Withdrawal of consent by the participant;
Discontinuation of the present study;
Investigator's judgment that the study is suitable for discontinuation.

2.12. Ethics and dissemination

This study was approved by the independent ethics committee of Juntendo University Hospital. Written informed consent forms will be distributed to all participants before enrollment.

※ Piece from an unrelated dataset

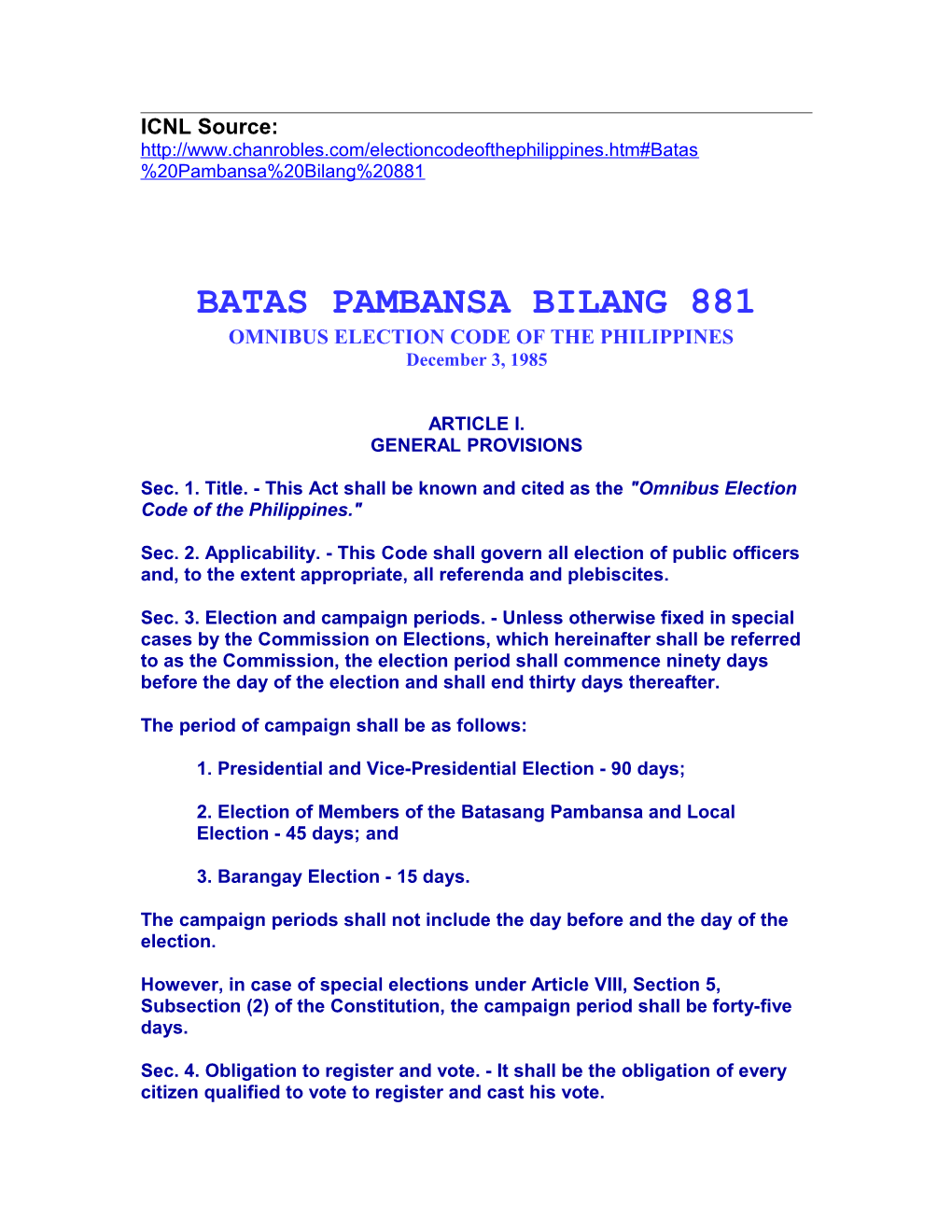 Omnibus Election Code of the Philippines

2.13. Discussion and anticipated results

The prevalence of OSA ranges from 3% to 7% in the general population.11 In contrast, it amounts to 36% in patients with HF,12 which implies that OSA is not merely a coexisting condition but an important confounder in the pathogenesis of HF. OSA has several adverse effects on the cardiovascular system, as follows: increased preload due to the exaggerated intrathoracic negative pressure during forced inspiration in the presence of upper airway obstruction, LV diastolic dysfunction caused by the shifting of the intraventricular septum due to right ventricle dilatation, and increased afterload during apnea. Continuous positive airway pressure (CPAP) can abolish OSA in patients with HF as well as improve LV systolic/diastolic function,13 and its long‐term efficacy on prognosis has been established. However, there are >30% dropouts or nonresponders,14 whose long‐term outcome is poor.15 The main reason has been attributed to the remaining CSA as a consequence of pulmonary congestion.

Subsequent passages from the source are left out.